En esta amalgama de ritmos de voces, notas musicales, silabatos y recitativos transcurre una ópera alocada, donde el paralelismo entre lo dramatúrgico y lo musical alcanza cotas insospechadas, con momentos sublimes como los finales de actos donde todos los solistas comparten escena y notas en aras de conseguir ofrecer un ritual de gargantas cantoras admirablemente ensambladas. Una serie de voces solistas bien coordinadas y en búsqueda del lucimiento coral antes que el propio es el complemento perfecto, destacando la labor de los dos protagonistas principales, de un Fígaro cómico y redondo en la voz y en la expresividad corporal, donde Manel Esteve acierta inconmensurablemente en los fraseos encubriendo perfectamente la emisión destacando el timbre en los tramos medios, en especial en su aria de entrada tan conocida y de la mezzo Clara Mouriz, una Rossina de buena proyección, ductilidad, calidad en los graves y una coloratura agraciada y muy acorde a las exigencias de la partitura.

El tenor ligero Quintin Bueno, estrenándose en papeles de envergadura, interpreta a un Conde de Almaviva seguro en los agudos y con ductilidad, con potencia, también en los concertantes, y con una interpretación correcta.

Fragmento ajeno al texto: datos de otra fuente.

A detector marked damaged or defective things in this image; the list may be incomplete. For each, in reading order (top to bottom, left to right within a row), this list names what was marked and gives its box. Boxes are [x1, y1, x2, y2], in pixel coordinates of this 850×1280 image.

Fabio Capitanucci consigue un don Bartolo limpio con buena articulación en los agudos y fiel al libreto en los rápidos silabatos de un bajo cómico. David Lagares, un don Basilio muy cómico y conseguido, añade contundencia a su voz cálida y profunda, abriendo sonidos y controlando los tiempos, destacando en su aria de la calumnia el recorrido desde el pianísimo hasta el forte con destreza de glotis y también el apoyo vocal en el famoso buena será mio signore. Los personajes de Berta y Fiorello, precisos y muy dignos, perfectamente encajados en sus apariciones aportando frescura y calidad vocal. Y como anexo a los solistas el notario de marras, un homenaje necesario y atrevido a la mascarada de la comedia del arte de manera irónica. Un elenco que llena de colorido una escena cargada de pintorescos momentos donde la carga interpretativa radica en captar el subtexto musical de Rossini cuando desnuda a sus protagonistas.

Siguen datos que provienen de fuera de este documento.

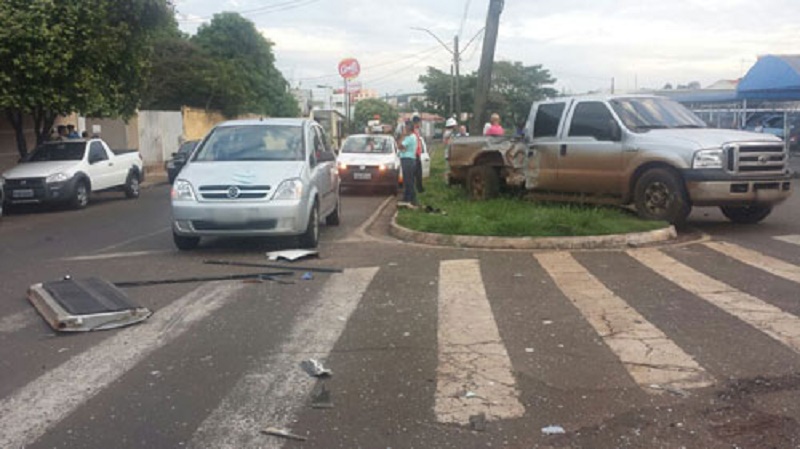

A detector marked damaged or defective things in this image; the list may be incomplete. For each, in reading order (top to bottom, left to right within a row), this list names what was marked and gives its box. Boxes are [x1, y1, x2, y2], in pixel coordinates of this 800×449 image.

broken car part [28, 274, 152, 330]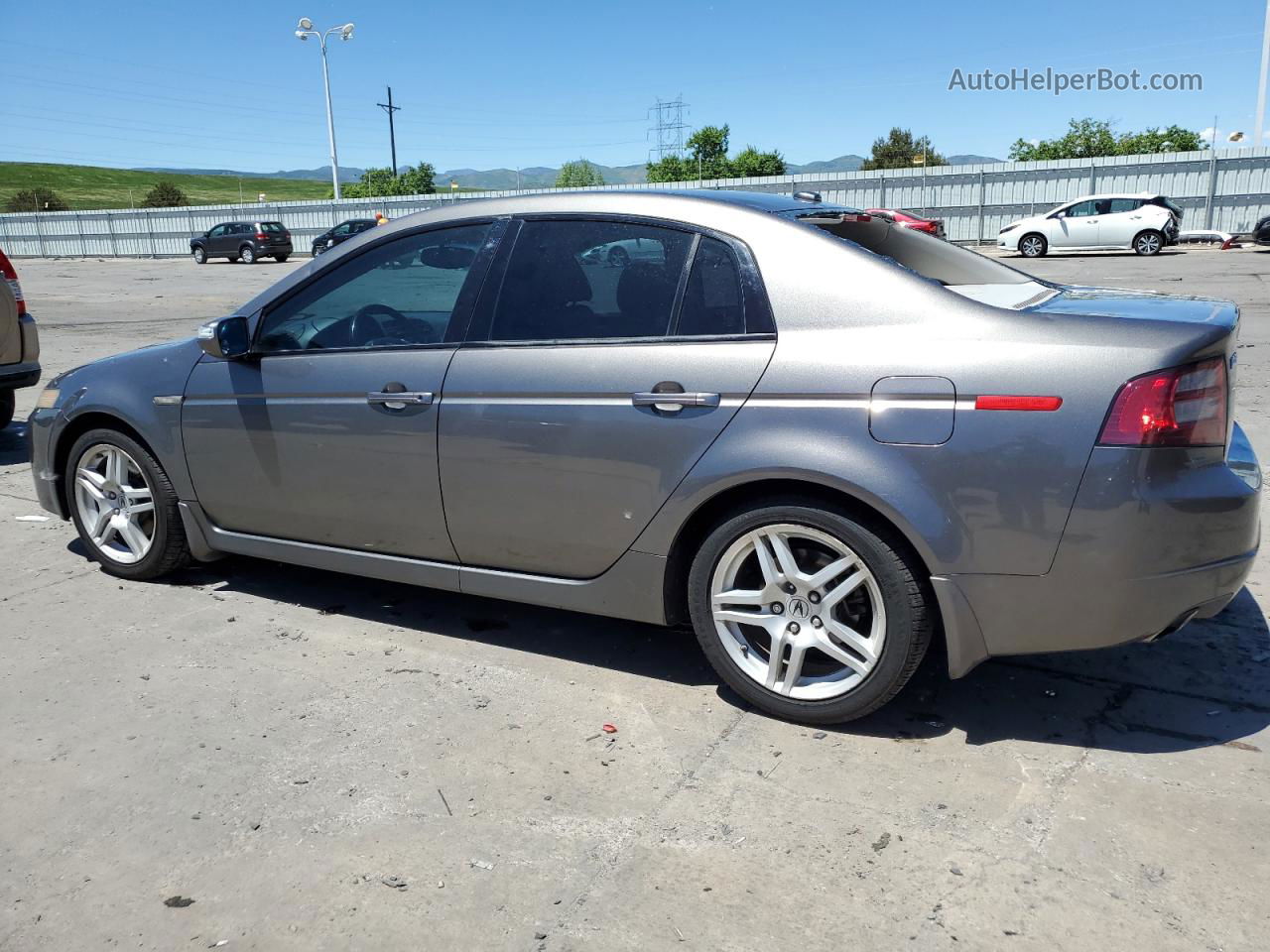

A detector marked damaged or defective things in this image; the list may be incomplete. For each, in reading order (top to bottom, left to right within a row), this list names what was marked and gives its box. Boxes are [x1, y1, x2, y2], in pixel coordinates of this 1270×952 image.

cracked concrete ground [2, 250, 1270, 949]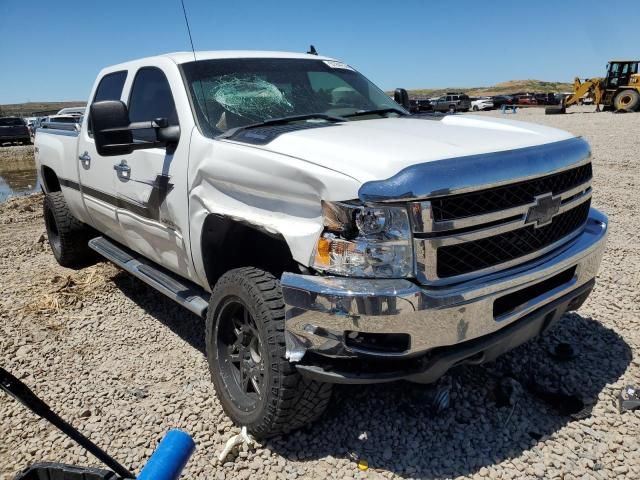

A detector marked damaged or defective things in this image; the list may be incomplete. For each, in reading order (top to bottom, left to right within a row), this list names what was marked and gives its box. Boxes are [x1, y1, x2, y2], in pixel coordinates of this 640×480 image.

damaged windshield [180, 57, 402, 134]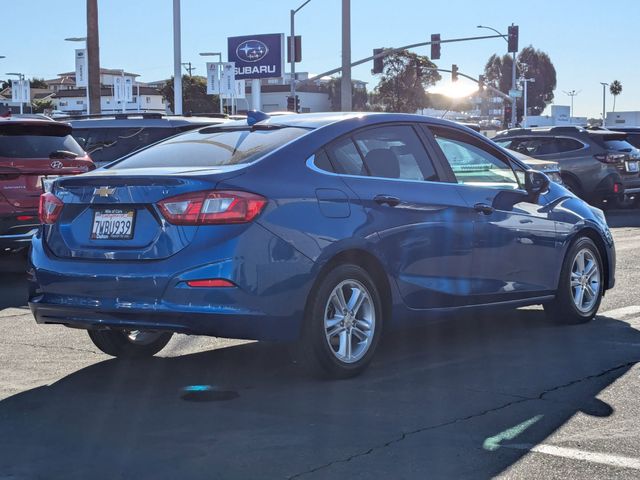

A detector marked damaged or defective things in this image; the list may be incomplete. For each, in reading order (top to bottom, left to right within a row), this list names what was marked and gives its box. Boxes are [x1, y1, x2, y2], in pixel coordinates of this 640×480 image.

pavement crack [288, 360, 640, 480]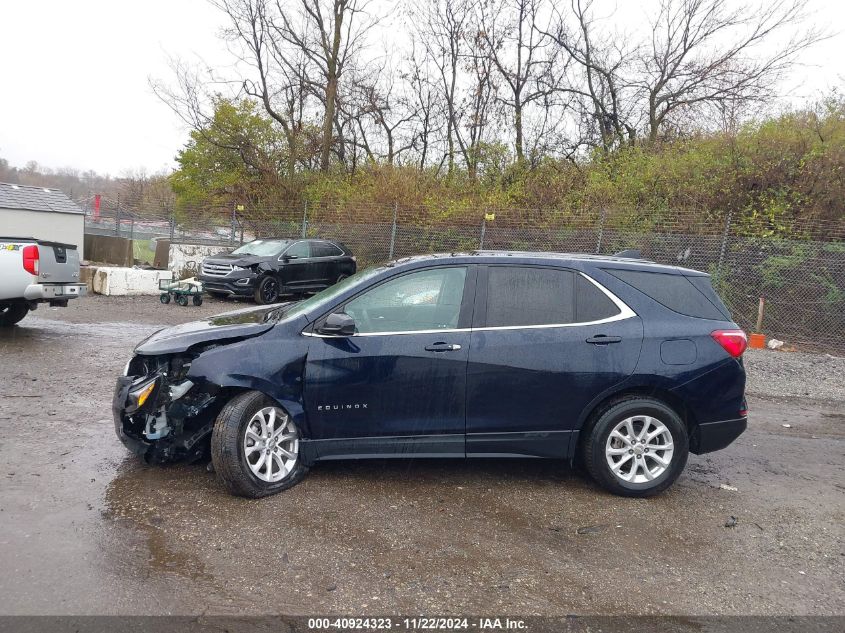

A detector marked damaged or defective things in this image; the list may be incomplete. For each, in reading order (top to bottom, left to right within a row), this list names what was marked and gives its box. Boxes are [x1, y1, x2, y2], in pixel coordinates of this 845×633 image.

damaged chevrolet equinox [113, 249, 744, 496]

La cavatina de Fígaro y sus dúos son propios de la desfachatez. Las arias de Bartolo son lentas y monótonas. Las de Rossina, frescas y juguetonas. Las del Conde, repletas de romanticismo y las de Don Basilio, embaucadoras. Mención especial merece la actuación del coro masculino, con muy buen hacer, perfectamente engranado y siguiendo en todo momento la mano del director de orquesta. Consiguieron transmisión y cohesión en los momentos de acoplamiento de voces en los concertantes con los solistas a pesar del hándicap de cantar con mascarillas.

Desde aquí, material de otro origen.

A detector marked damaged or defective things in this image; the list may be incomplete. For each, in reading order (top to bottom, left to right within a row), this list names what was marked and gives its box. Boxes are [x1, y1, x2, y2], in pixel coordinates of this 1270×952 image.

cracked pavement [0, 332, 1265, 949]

Una producción que en definitiva es una oda a la ópera bufa por excelencia, que es capaz de captar la atención del patio de butacas en todo momento y que, sin excesivas florituras, guarda en los baúles de la escenografía, en los efectos especiales de la tormenta, en los rítmicos momentos de los concertantes o en los sonidos del clave las señas de identidad de la música de Rossini. Las candilejas decimonónicas del escenario son el mejor guiño a un espectáculo de corte clásico e ideado para dejar huella y divertir desde la sencillez. La trama, por su parte, y la profesionalidad de todos los integrantes, por otra, hacen el resto.